Don't Break the Engagement

Summary: 

This election year may tempt both critics of the Bush administration and hard-liners within it to attack U.S. policy on China. That would be a mistake, however, for engaging Beijing has worked well. Economic growth in China has spurred political liberalization, legal reform, opening of the media, and popular activism. The Bush administration -- and those who aspire to replace it -- should not let electoral tactics jeopardize sound policy. With respect to China, that means staying the course.

Elizabeth Economy is C.V. Starr Senior Fellow and Director of Asia Studies at the Council on Foreign Relations and the author of The River Runs Black: The Environmental Challenge to China's Future.

STAYING THE COURSE ON CHINA

After almost three years of calm, the American debate over China policy is set to heat up again. Like Bill Clinton, George W. Bush came into office pushing for a tougher approach to Beijing. And like his predecessor, Bush soon changed his tune. But if the Clinton administration's shift reflected a deep-rooted embrace of the logic of engagement, the Bush administration's shift has appeared more tactical, reflecting a realist appreciation for alliances of convenience during times of crisis. Now that the initial and most urgent phases of the war on terrorism have passed, China policy is likely to find its way back onto the agenda of hard-liners who consider the country a strategic competitor. They are likely to be joined by those who think that tough talk about trade deficits and China's human rights violations makes for good campaign politics. With the bilateral trade deficit now at $120 billion, Beijing's reported backsliding on human rights, and its heavy-handed diplomacy with Hong Kong and Taiwan, 2004 could be a banner year for the critics of engagement. Yet a return to China-bashing and to a strategy of containment would be a mistake. The past 30 years have demonstrated that engagement works -- if not exactly in the way its advocates predicted.

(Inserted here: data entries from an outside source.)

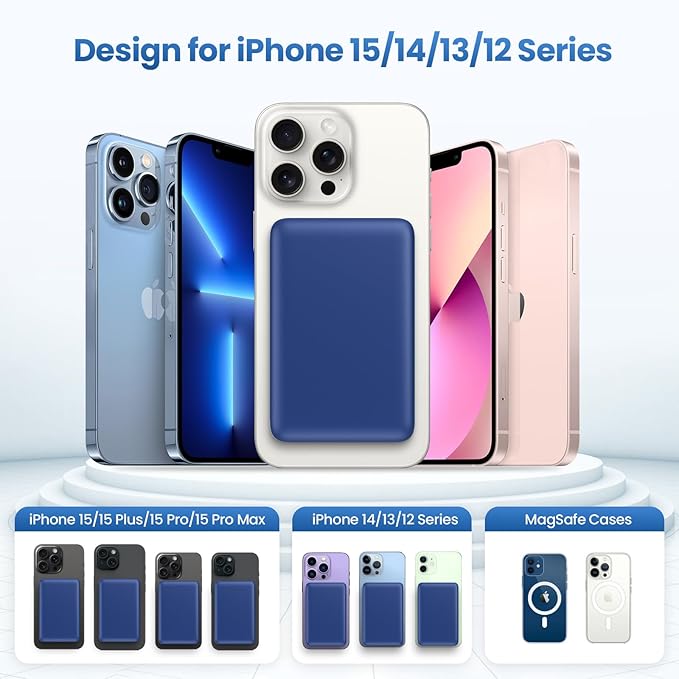 Magnetic Portable Charger 10800mah for Magsafe Battery Pack, Wireless Power Bank with USB C in&out PD Fast Charging,Travel Essential Phone Battery Charger For iPhone 17/16/15/14/13/12 Series-Dark Blue
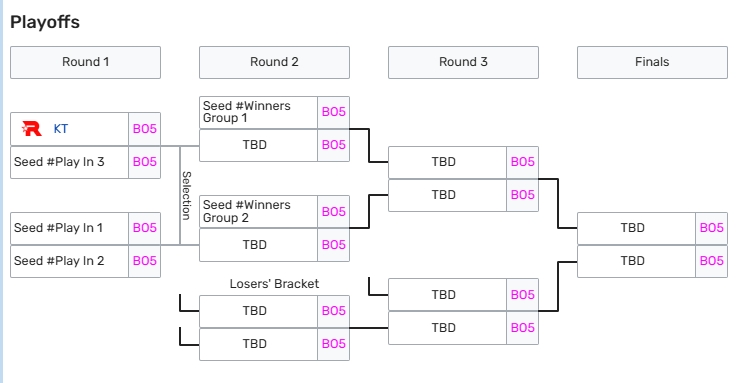 金年会T1/HLE直通LCK CUP入围赛第二轮，DK/GEN/KT确定晋级季后赛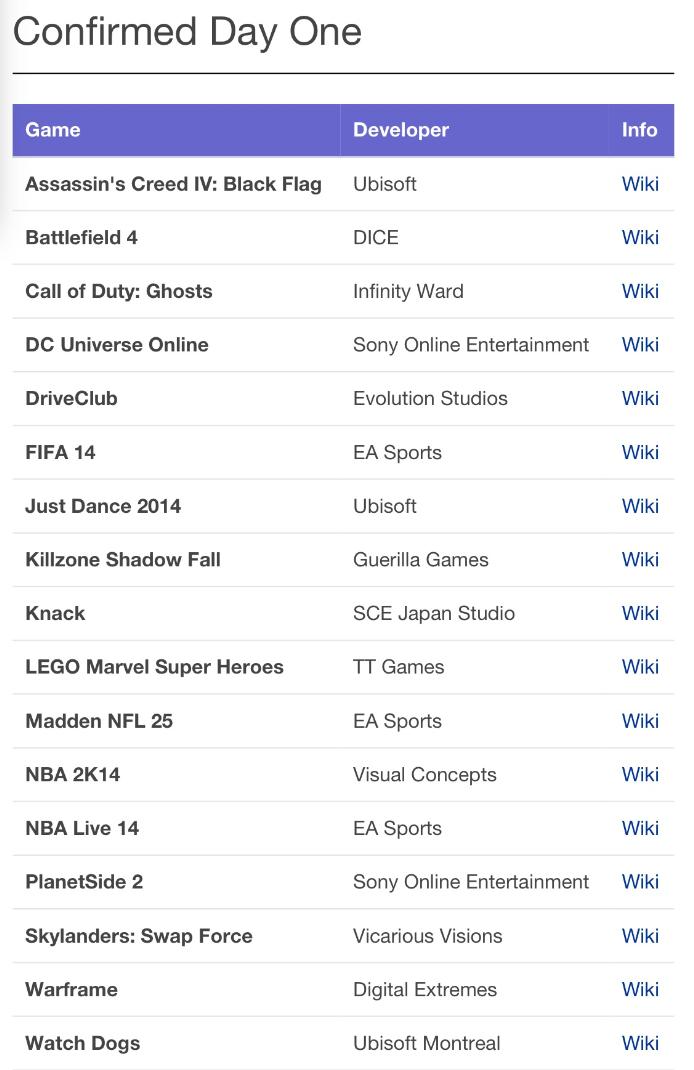 ps4发售初期问题,ps4下架的游戏光盘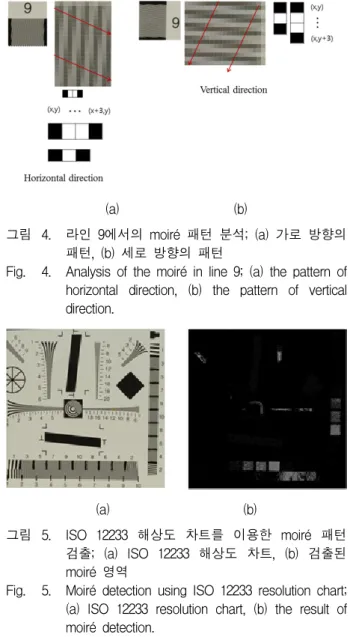 Fig. 2. SFR  of  camera  using  ISO  12233  resolution  chart.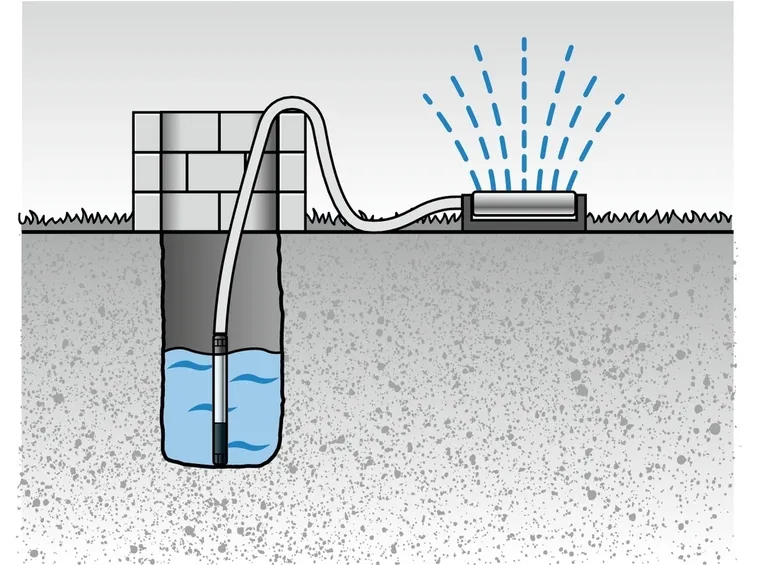 funzionamento schematico di una pompa a immersione
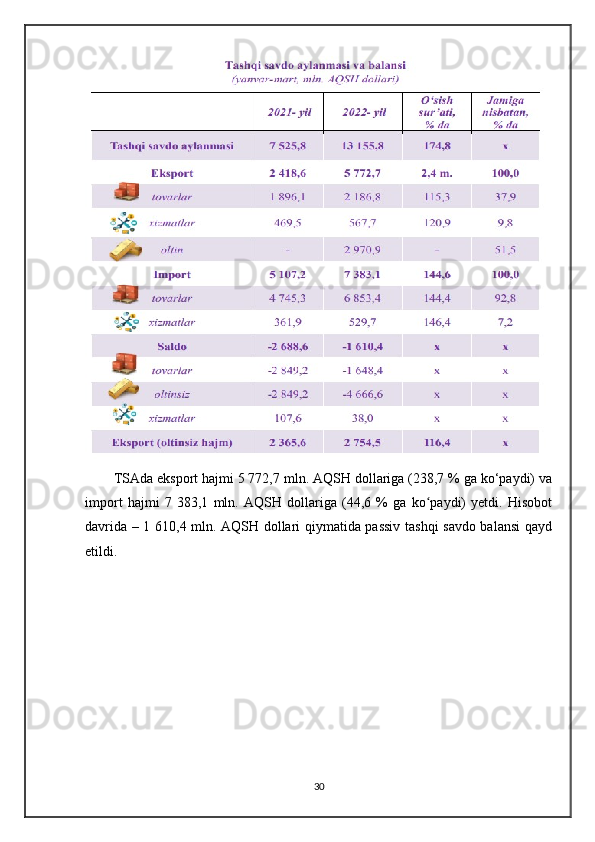 TSAda eksport hajmi 5 772,7 mln. AQSH dollariga (238,7 % ga ko‘paydi) va
import   hajmi   7   383,1   mln.   AQSH   dollariga   (44,6   %   ga   ko paydi)   yetdi.   Hisobotʻ
davrida – 1 610,4 mln. AQSH dollari qiymatida passiv tashqi savdo balansi qayd
etildi.
30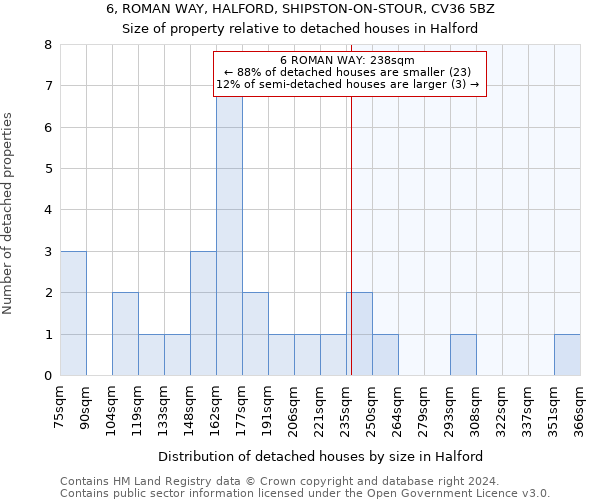 6, ROMAN WAY, HALFORD, SHIPSTON-ON-STOUR, CV36 5BZ: Size of property relative to detached houses in Halford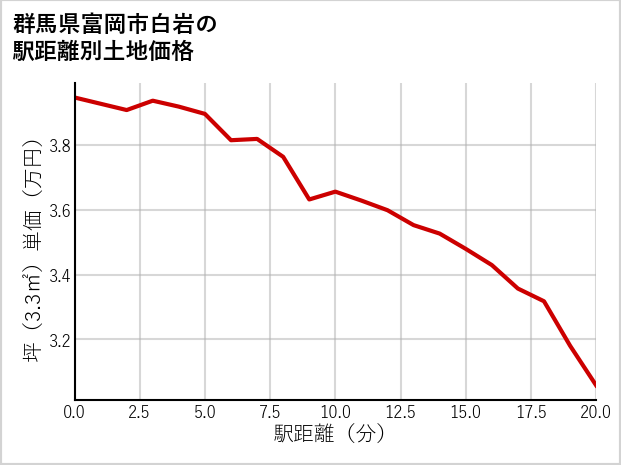 群馬県富岡市白岩の徒歩距離別の土地坪単価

Supporters of engagement long argued that it would help tame China through a traditional pattern of modernization: economic growth and increased connection with the outside world would spur the development of a Chinese middle class that would in turn press for capitalism, democracy, and peace. But in fact, although China has gotten richer, economic reforms have not led directly to political ones. Economic liberalization is indeed breeding a middle class with a new set of demands, including protection of private assets, access to unfiltered information, and a greater political voice. So far, however, the middle class has not organized in any meaningful way to push for wholesale political change. Instead, that change is occurring primarily in response to the negative effects of China's market transition.